The various devices proposed for severing the closure from the neck of the container generally take the form of an outer ring which has internal threads that threadly cooperate with the external threads carried by the neck of the container. In one form of severing device, an outer ring carries an inwardly extending flange at its top surface which serves to abut the top of the closure and force the closure downwardly when the outer ring is threaded downwardly, thereby severing the closure from the neck at the frangible section. While this type of severing ring is useful to sever the closure from the neck, after the closure is severed there are three separate pieces--the bottle portion, the closure cap and the severing ring. While the closure cap may be resealed by placing it over the neck and screwing the separate severing ring downwardly thereon, such resealing has been found to be relatively difficult.
Another type of severing device comprises an outer ring having an inwardly extending flange which extends into a recess defined around the closure cap. When the outer ring is screwed downwardly, the closure cap is severed from the neck at the frangible section. It has been found, however, that this type of severing device is relatively difficult to manufacture. Extremely close tolerances are required or else the interference fit between the severing device and the closure cap will create problems. For example, if the diameter of the closure cap is too small, the severing ring will not captivate the cap but will instead operate similarly to the severing ring described above. Further, it has been found that when the severing ring is brought into place, it may break the closure cap off the neck accidently.
Another type of severing device utilizes a plurality of inwardly extending fingers which surrounds the closure cap underneath an outwardly extending flange defined by the closure cap. When the severing ring is rotated upwardly, the severing ring will break the closure cap away from the neck in an upward direction. This type of severing ring does not captivate the cap and does not provide a resealable system.
It is an object of the present invention to provide a resealable container in which the closure cap is captivated by a severing ring that is utilized to sever the closure cap from the neck in a downward direction.
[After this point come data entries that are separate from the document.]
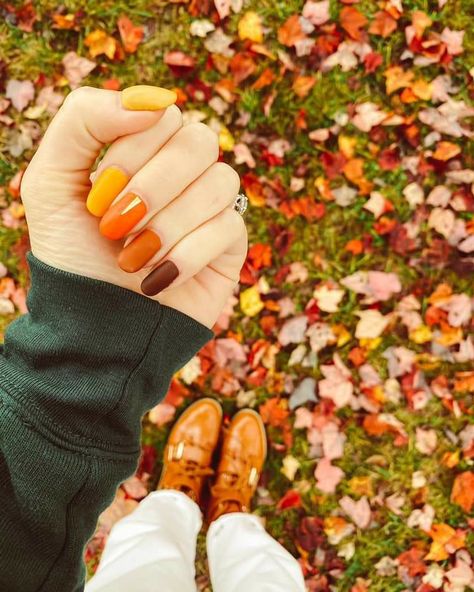 Brown And Yellow Fall Nails, Orange Shades Nails, Orange And Yellow Fall Nails, Autumn Yellow Nails, November Nails Fall Short Almond, Fall Nails 2022 Color Trends Orange, Fall Nails With Yellow, Mustard Yellow Nails Fall, Bold Fall Nails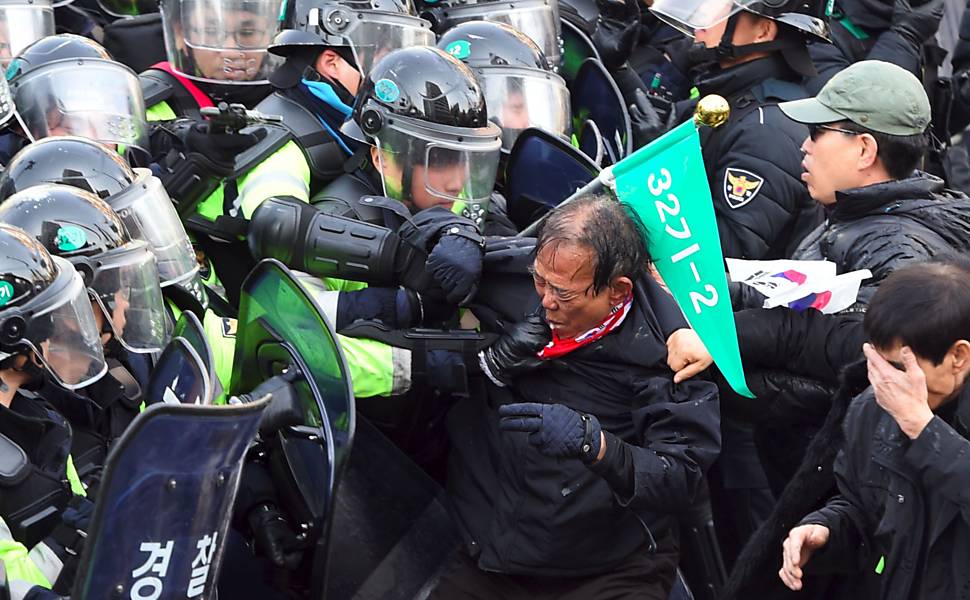 Manifestações a favor e contra o impeachment de Park Geun-hye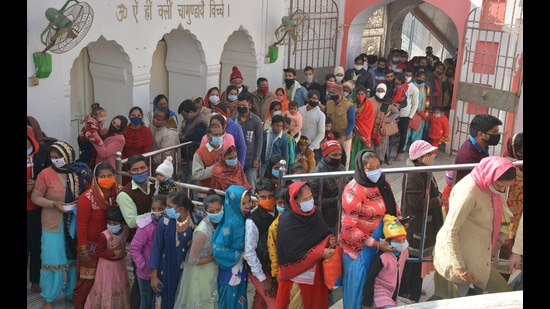 The Mansa Devi temple is spread over 100 acres in Bilaspur village in Panchkula in the foothills of Shivalik Hills, 10 km from Chandi Mandir, another noted Hindu shrine in the region. (HT Photo)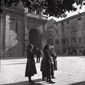 donne in una piazza, campo lungo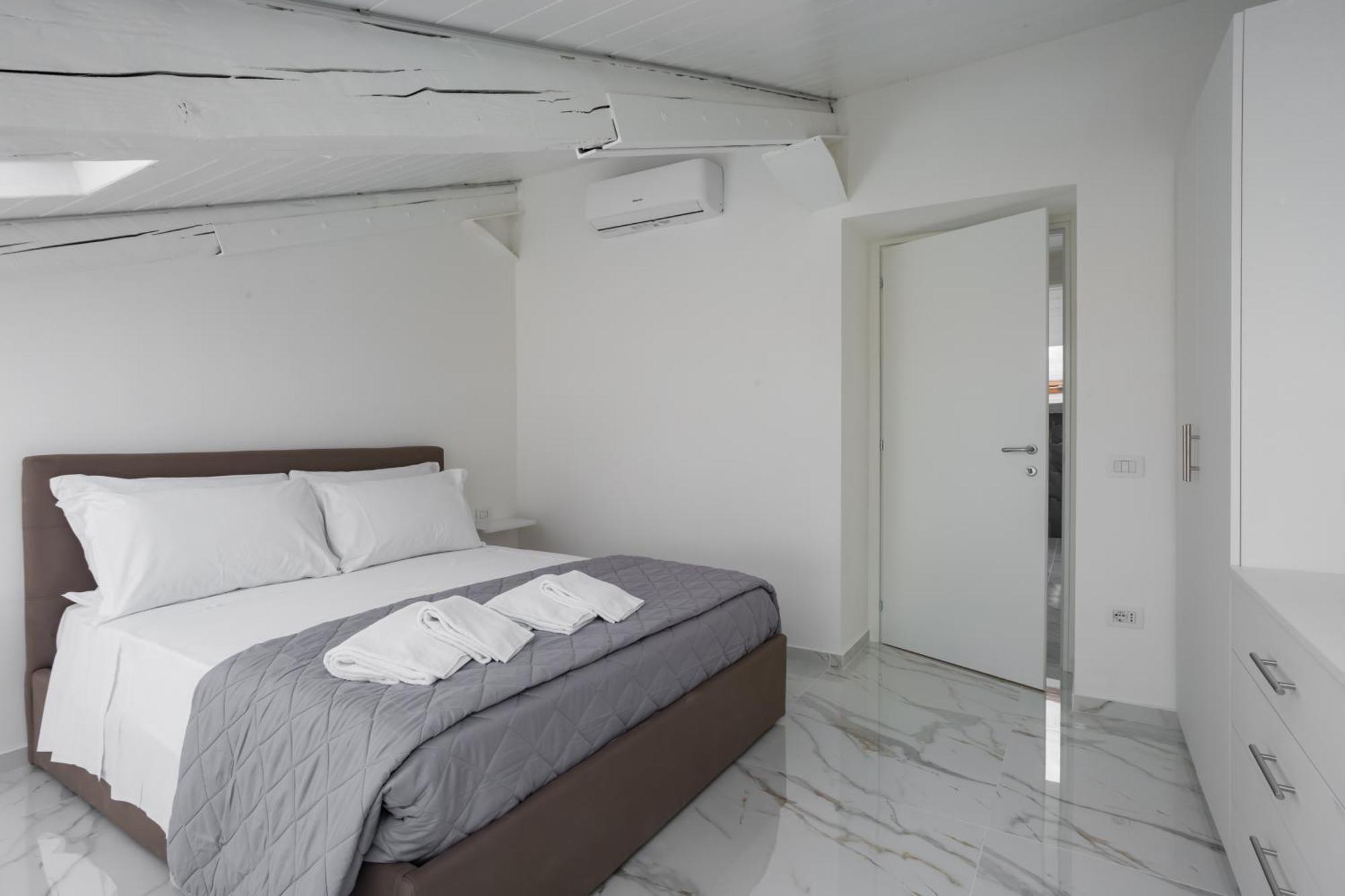Attico Bella Napoli Aparthotel Ngoại thất bức ảnh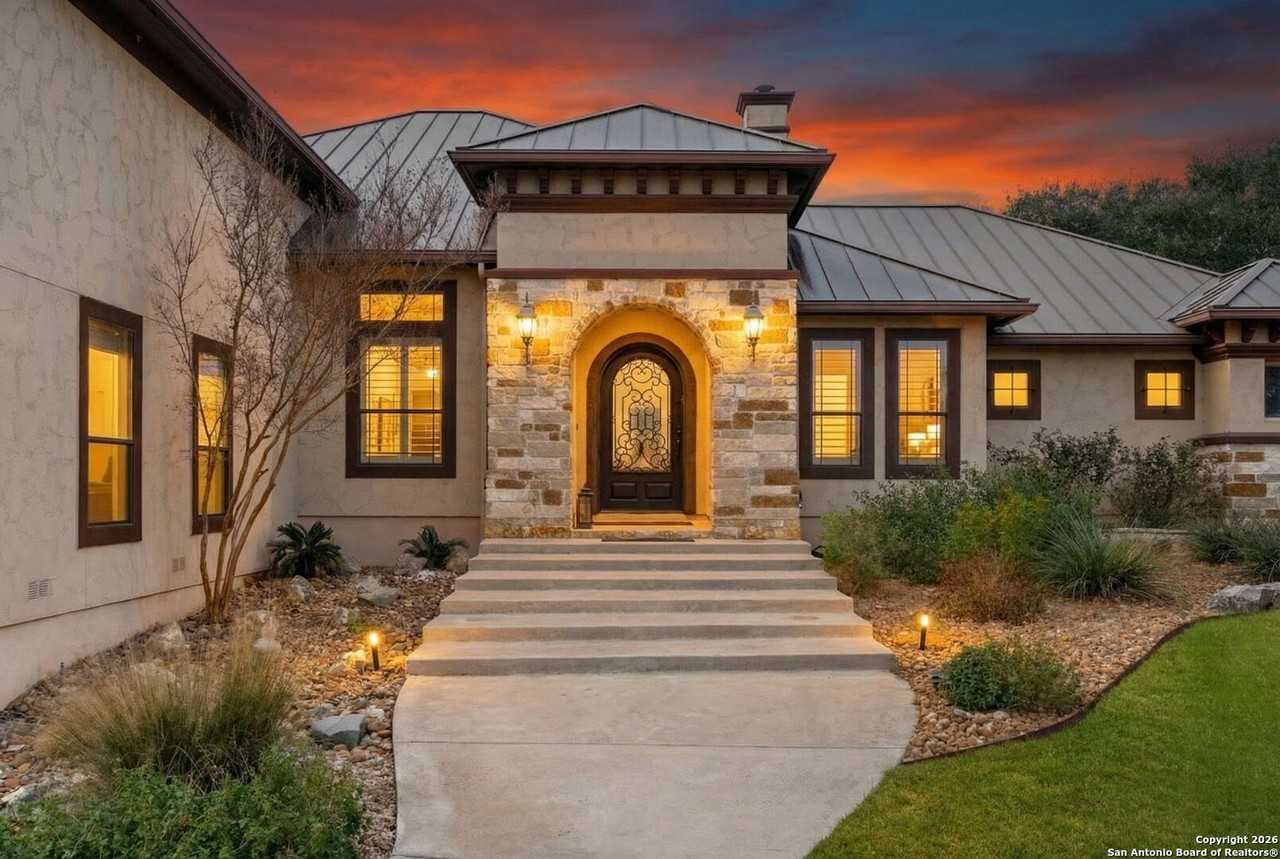 31185 Windmill Ln - Photo 2 of 35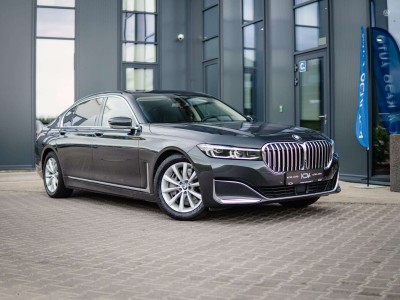 2020 BMW 745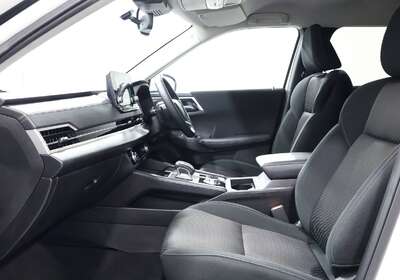 2024 MITSUBISHI OUTLANDER ES 7 SEAT (2WD)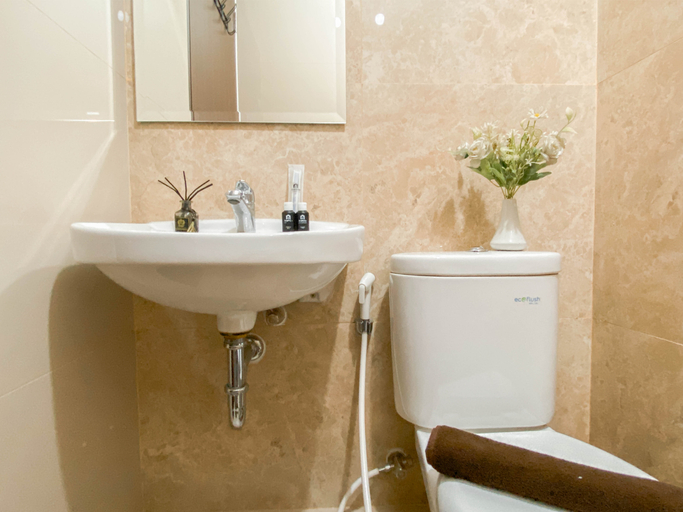 Bathroom 3, Elegant and Spacious 2BR Apartment Transpark Cibubur By Travelio, Depok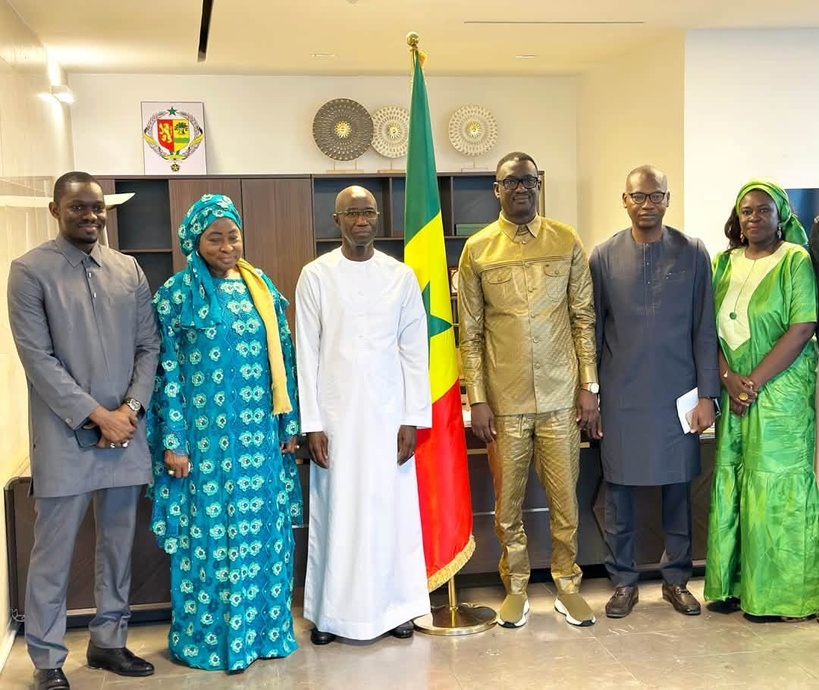 Mandats de dépôt, fouilles intégrales, visites nocturnes : Me Moussa Sarr justifie ses premières réformes devant l’ONG 3D Mandats de dépôt, fouilles intégrales, visites nocturnes : Me Moussa Sarr justifie ses premières réformes devant l’ONG 3D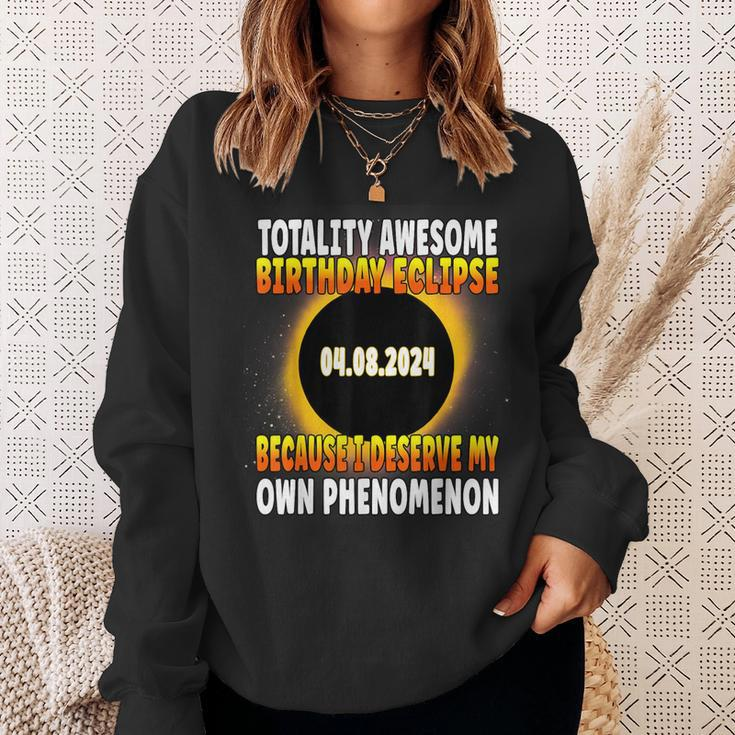 Totality Awesome Birthday Eclipse Total Solar Eclipse Bday Sweatshirt Gifts for Her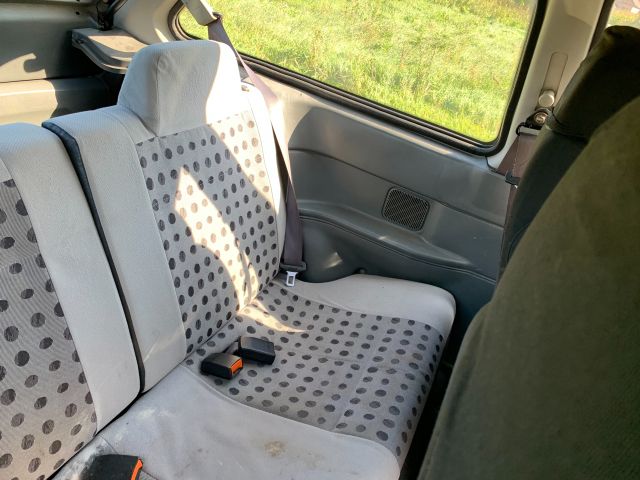 bontott SUZUKI SWIFT II Kesztyűtartó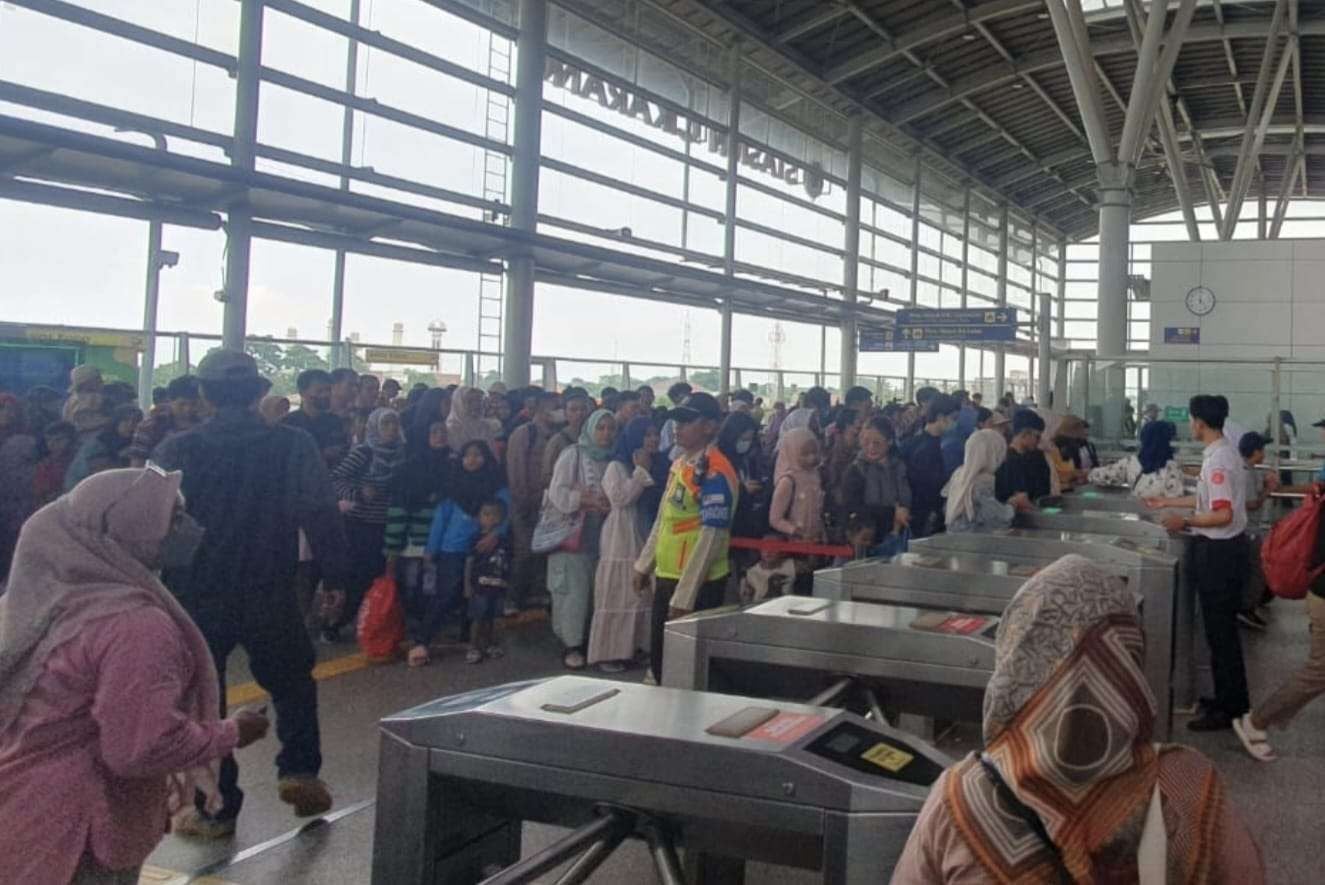 Volume Penumpang Commuter Line Jabodetabek Meningkat 8%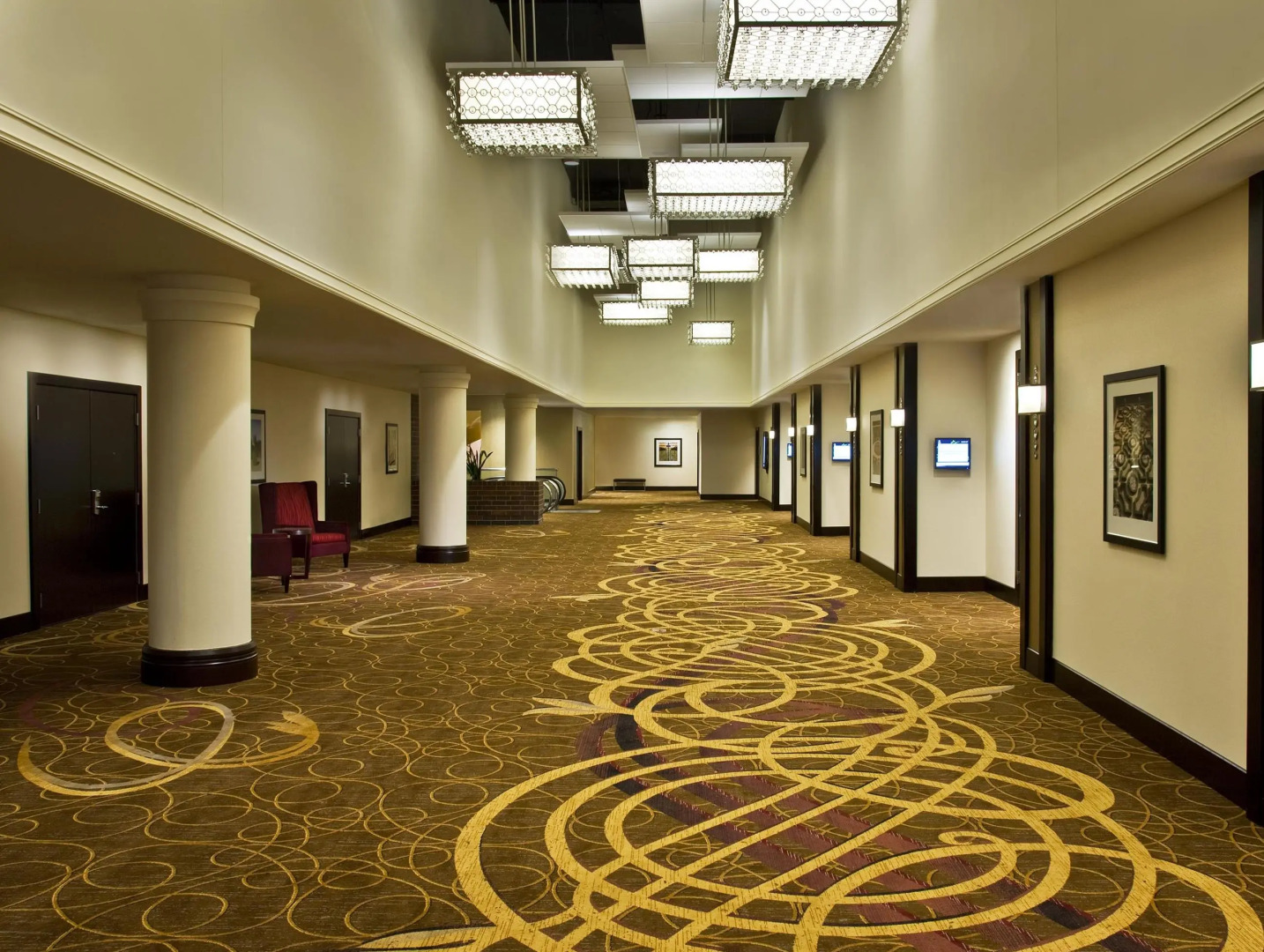 Sheraton Indianapolis Hotel at Keystone Crossing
Another object of the present invention is to provide a resealable container that is formed in a one-piece, molded construction and has a severing ring which can be easily engaged with respect to the container without accidently severing the closure cap from the container neck.
Another object of the present invention is to provide a resealable container that is simple in construction and is easy to manufacture.
A further object of the present invention is to provide a resealable medical container for storing and dispensing sterile liquids which utilizes a closure cap that is captivated by means of a severing ring having slightly flexible fingers and which severing ring operates to sever the closure cap from the neck of the container when the severing ring is threaded downwardly with respect to the neck of the container.
Other objects and advantages of the present invention will become apparent as the description proceeds.
In accordance with the present invention, a resealable container is provided for storing and dispensing liquids. The container includes a neck defining a dispensing outlet and a cap covering the outlet. A frangible section couples the cap to the neck.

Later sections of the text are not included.